The idea of creating a blog is both cathartic and terrifying. The suggestion of displaying personal reflections in a permanent and public way gives me pause, as I consider the sanity and validity of my own musings. However, the opportunity to place thoughts into writing so they won't be forgotten is powerful...maybe not for others' benefit but for my own. "How far have I come?" "What lessons have I learned during this season in my life?" "What in the world was I thinking?...or NOT thinking?" "What would I do differently the next time?" The possibility for personal growth and reflection is endless.


The opportunity to save memories while they are fresh and clear is what draws me the most. I think of how many times I have told myself "I am going to remember this moment!" only for it to become fuzzy and clouded or to disappear altogether until someone comes along and says, "Remember the time when..." I never have been good at remembering...or at least remembering with clarity...and these are some times in my life that I want to remember so that I can learn and grow, laugh and re-live, ask forgiveness and repent.
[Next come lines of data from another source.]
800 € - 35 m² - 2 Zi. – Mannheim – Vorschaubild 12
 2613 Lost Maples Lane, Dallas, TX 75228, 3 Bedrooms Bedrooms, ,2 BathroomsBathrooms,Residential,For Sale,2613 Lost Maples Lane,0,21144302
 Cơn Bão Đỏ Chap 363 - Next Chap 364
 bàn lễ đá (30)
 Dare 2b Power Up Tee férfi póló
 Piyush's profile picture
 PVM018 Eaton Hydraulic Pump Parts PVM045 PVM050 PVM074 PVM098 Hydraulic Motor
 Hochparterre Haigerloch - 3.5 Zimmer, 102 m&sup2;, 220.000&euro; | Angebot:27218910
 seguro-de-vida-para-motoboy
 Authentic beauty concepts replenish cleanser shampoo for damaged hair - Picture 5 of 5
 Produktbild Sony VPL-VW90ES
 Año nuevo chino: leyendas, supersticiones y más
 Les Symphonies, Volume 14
Reflections of His Mercy seemed such a fitting title for this blog since that is what my life is...a reflection of the Mercy of God. If it weren't for the mercy of God, I would not be here in this place. God, through Christ, has loved me, walked with me, disciplined me, picked me up when I've hurtled head-long into the pavement, and proven time and time again that His mercy never fails. I want to be...I earnestly desire to be... a reflection of that Mercy to others. I want to be transformed into the image of Christ, so that others will know the boundless joy of unconditional love, the freedom from bondage that comes with repentance and forgiveness, and the peace, contentment and acceptance that comes from being lovingly held in the arms of the family of God.